Expression level (counts) - a measure of gene expression. The mean number of reads mapped to the gene over 24 hours. (Note: this measure of expression is confounded by gene length so FPKM is a better measure of expression if comparing different genes.)
Fluctuating - whether the lincRNA is defined as significantly fluctuating over time (see methodology).
JTK.padj - does lincRNA expression cycle sinusoidally. A gene with a p.adj < 0.05 suggests sinusoidal cycling.
DESeq2.padj - does lincRNA expression fluctuate over time. A gene with a p.adj < 0.05 suggests significant change over time.
WGCNA module - the coexpression module into which that lincRNA was partitioned. Note: the twin-peaking genes form the lightsteelblue1 module. Generated using WGCNA (see methodology).
Peak phase - the phase at which lincRNA expression is seen to peak. (Note: this statistic is most applicable to sinusoidal cycling genes.)
Dynamic range - the fold-change difference between the peak and trough of lincRNA expression over time.

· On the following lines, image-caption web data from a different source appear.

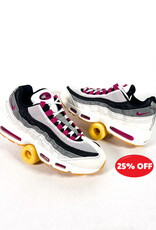 NIKE SB Air Max 95 - Summit White / Cactus Flower
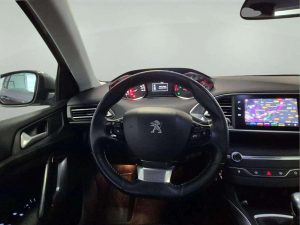 Peugeot 308 5p Allure 1.2 PureTech 96KW (130CV)
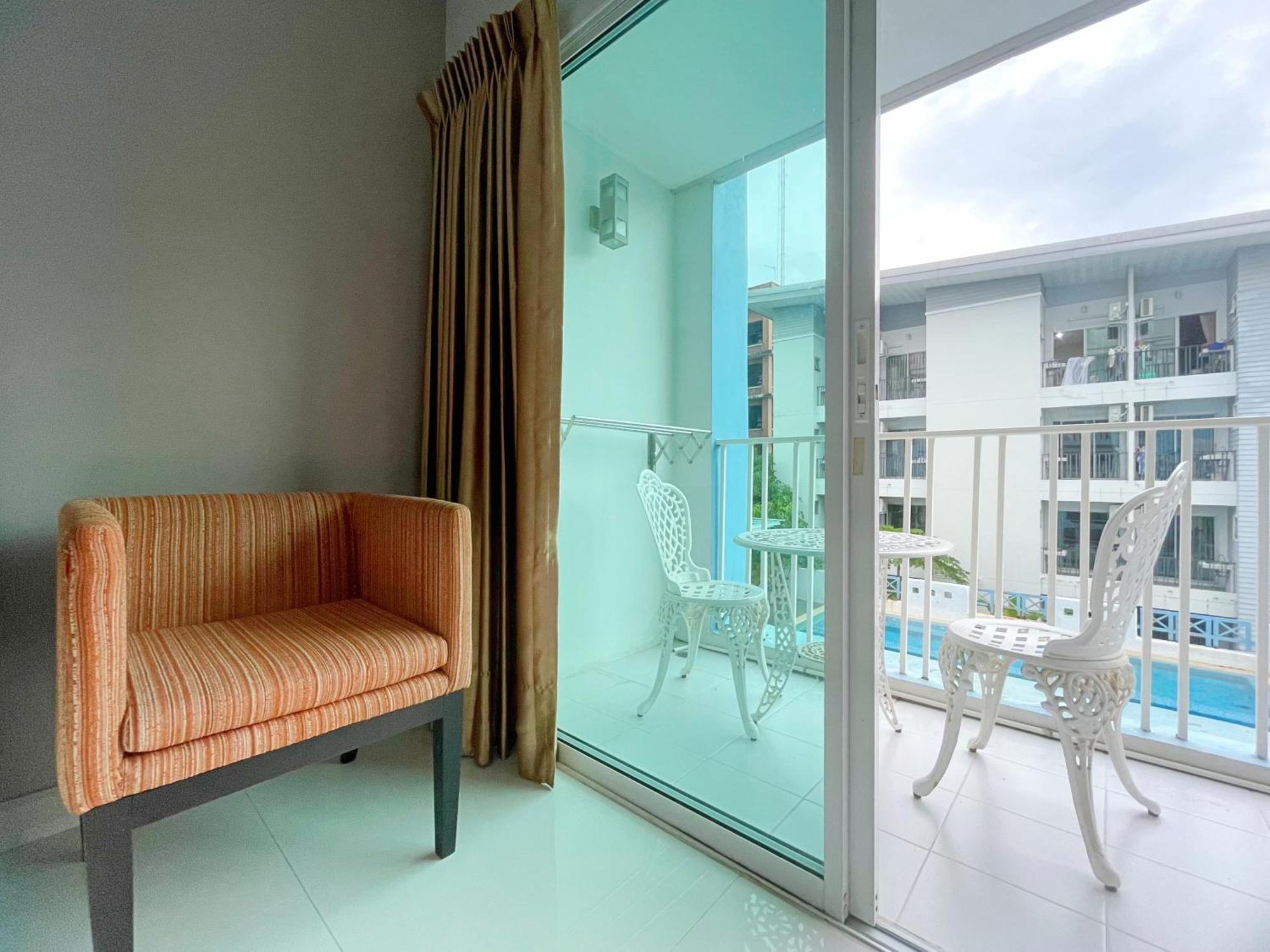 Hotel Baan Pattaya By Sabai Exterior foto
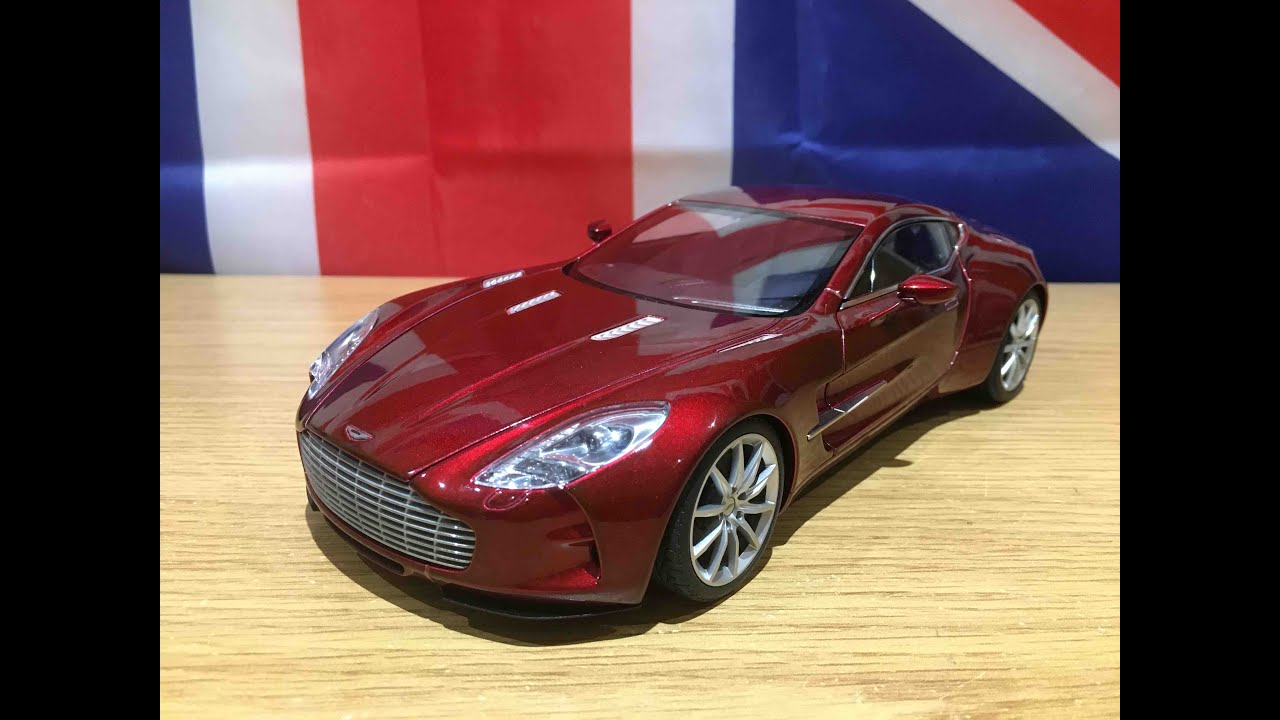 1:18 Autoart Signature Aston Martin One-77 - YouTube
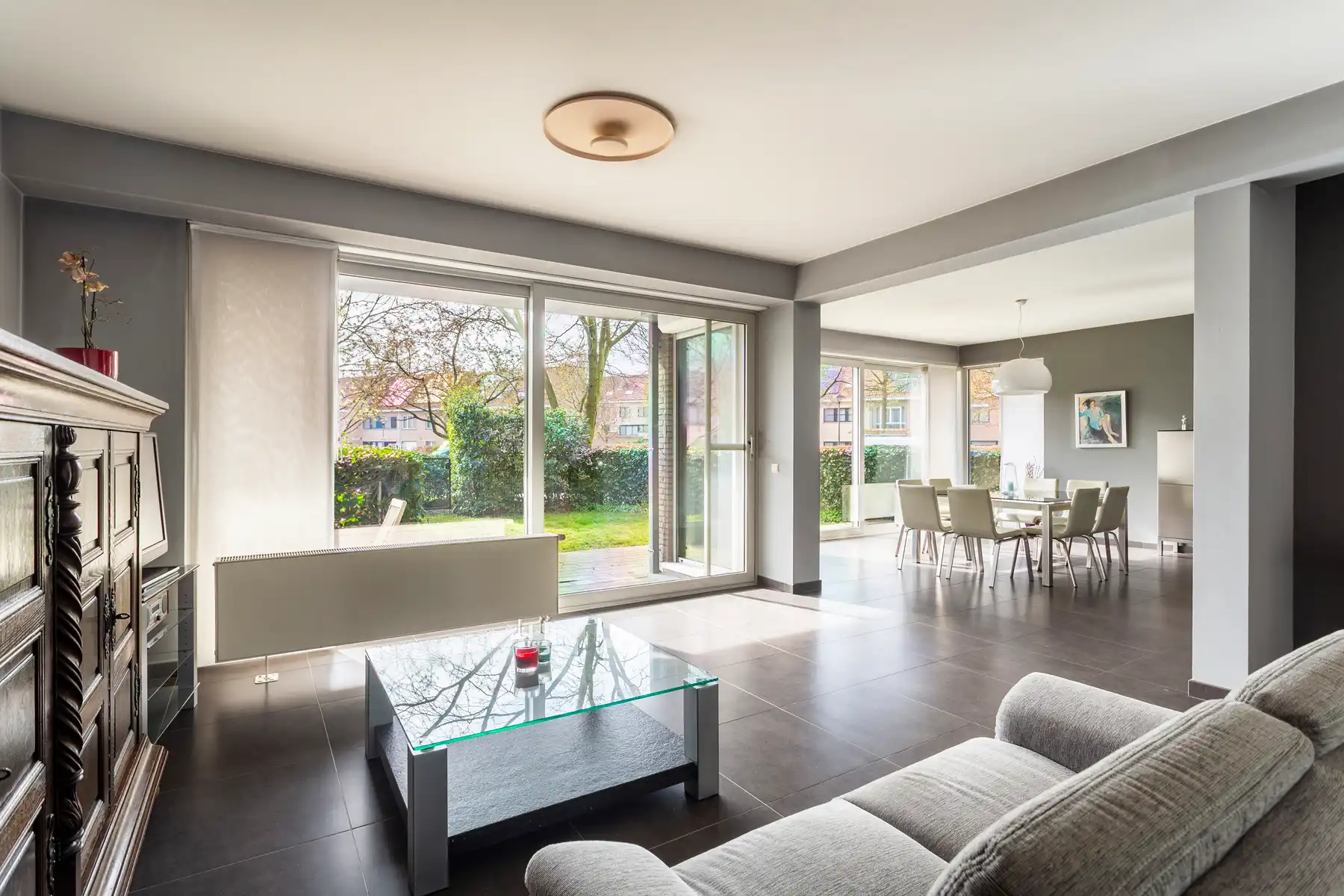 Instapklaar 3-slaapkamerappartement met tuin te Berchem foto 8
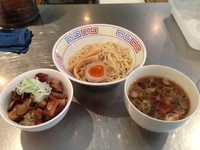 「つけ麺小＋ねぎ入り叉焼茶めし」@煮干鰮らーめん 圓 町田店の写真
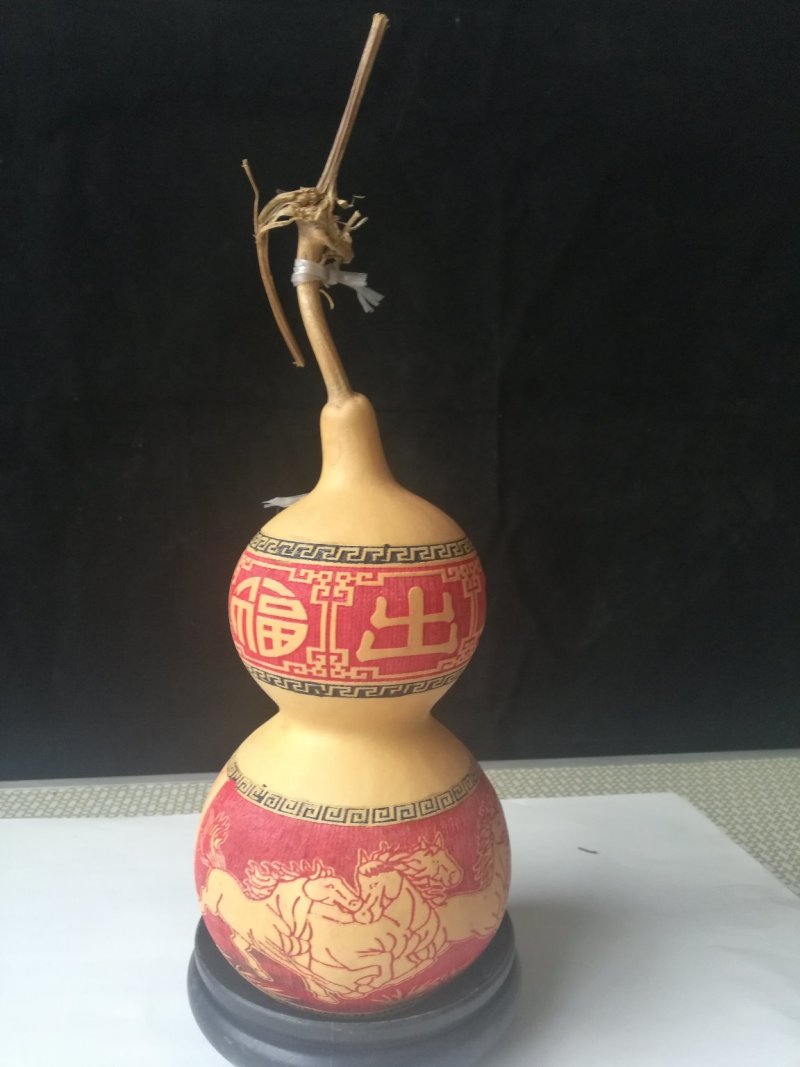 机器雕刻机的25公分左右的葫芦。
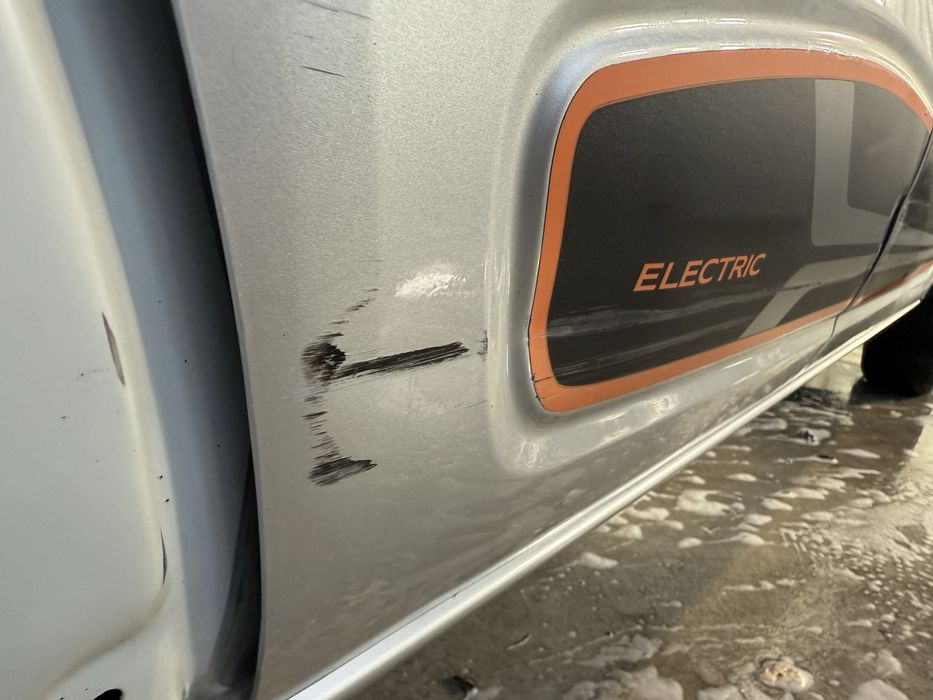 Usa dreapta fata, dreapta spate Dacia Spring, si usa stanga Mercedes e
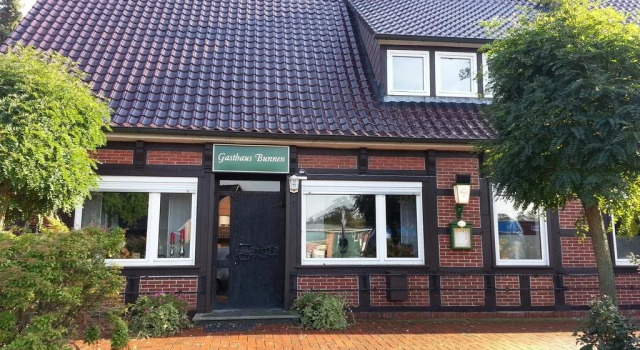 Gasthaus Bunnen, Забронировать Отель Отели Лёнинген с парковкой, Парковка
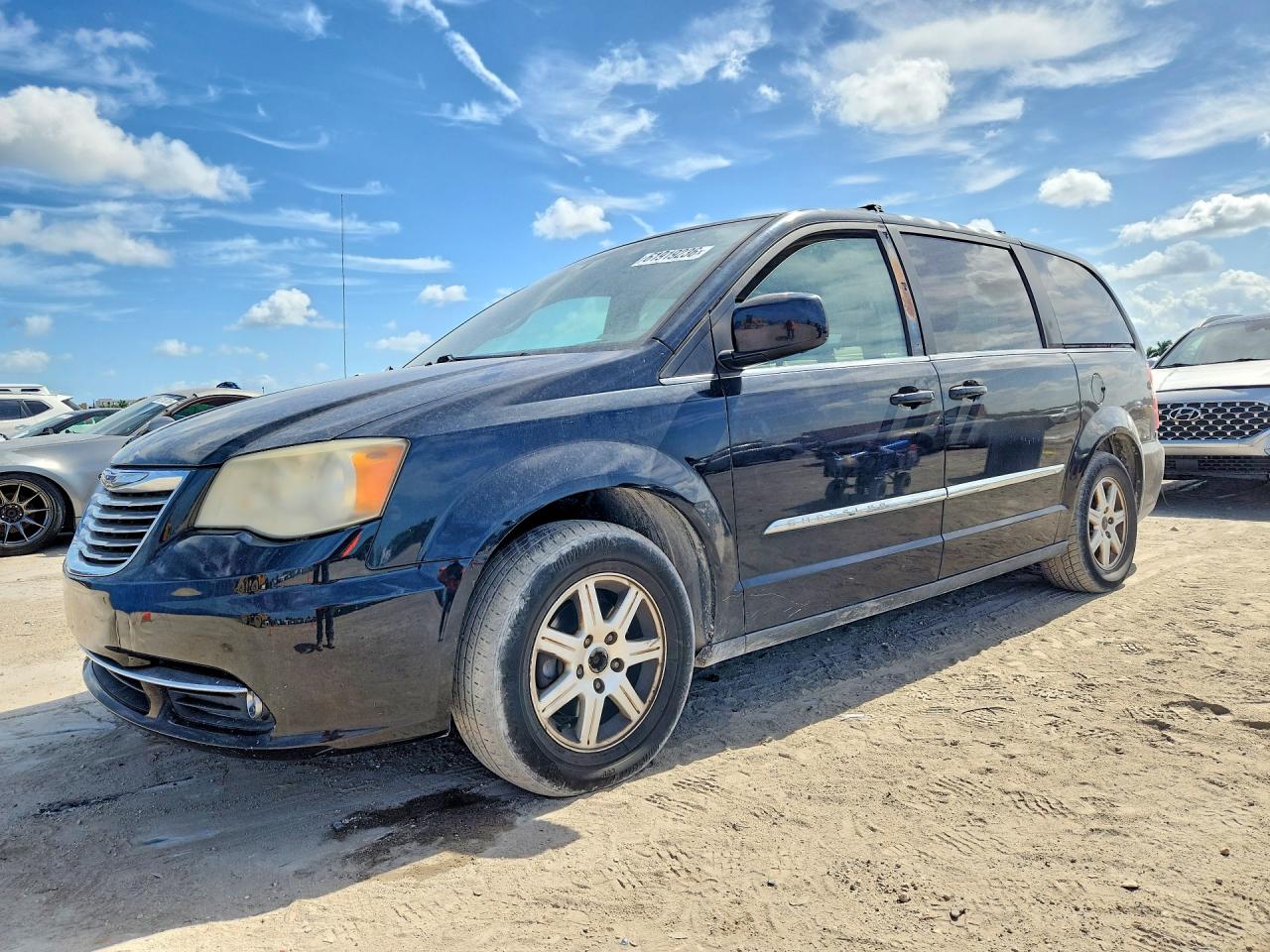 2013 CHRYSLER MINIVAN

PC L/R Correlation - the Pearsons expression correlation between the lincRNA and the closest protein coding gene located to its left / right.
linc.PHAST - the phastCons score for the lincRNA (a high phastCons score suggests strong conservation).
z.score TE - the conservation of the lincRNA relative to a proxy for neutral evolution (the conservation score for transposable elements (TEs) within 50kb of the lincRNA locus). (i.e. a z-score of 3 suggests the lincRNA is 3-fold conserved relative to neutral sequence.)
z.score Flank - the conservation of the lincRNA relative to a proxy for neutral evolution (a 500 bp region flanking 2kb away from the lincRNA locus).
GeneName - if the gene is annotated, what is its name.
Belgard - lincRNA previously identified in cortex (Belgard et al. 2011).
Ramos - lincRNA previously identified in neural stem cells (Ramos et al. 2013).
CAGE permissive (Cap Analysis of Gene Expression) - is there evidence for a transcription start site at this loci (http://fantom.gsc.riken.jp/protocols/basic.html).
Retro Pseudogene - does this lincRNA overlap a retroposed pseudogene.
TE Overlap - does this lincRNA overlap a transposable element.
Identification of lincRNAs was conducted through the use of the CGAT NGS pipelines rnaseqtranscripts.py and rnaseqlncrna.py (Sims, 2014). The first pipeline identifies transfrags using cufflinks and retains those present in at least two samples. The second pipeline predicts lncRNAs by removing transfrags which overlap protein coding exons. These lncRNAs are then assessed for coding potential using the coding potential calculator (CPC; Kong, 2007) and removed if annotated as 'coding' (CP score >1). Only the intergenic (>2kb from any protein coding gene), multiexonic lncRNAs with expression in over 6 biological replicates were chosen for further investigation.
See the methodology in the 'Gene table' section.
De novo transcript assembly was conducted using cufflinks v2.0.2 (Trapnell et al., 2010) allowing identification of 6,610 novel exons. These were required not to overlap but were within a 10kb window of any feature in the most recent Ensembl or UCSC gene annotation sets. Of these exons, only those i) with a reciprocal overlap of <25% with any retroposed pseudogene (ucscRetroAli6), ii) with a reciprocal overlap of <50% with any transposable element, iii) with over 20 spliced reads in the novel exon, iv) with over 10 spliced reads per 100 bp of the novel exon, v) with over 20 reads that splice into a known transcript and were vi) shorter than 3,000bp, were retained providing a robust set of 1,013 novel exons.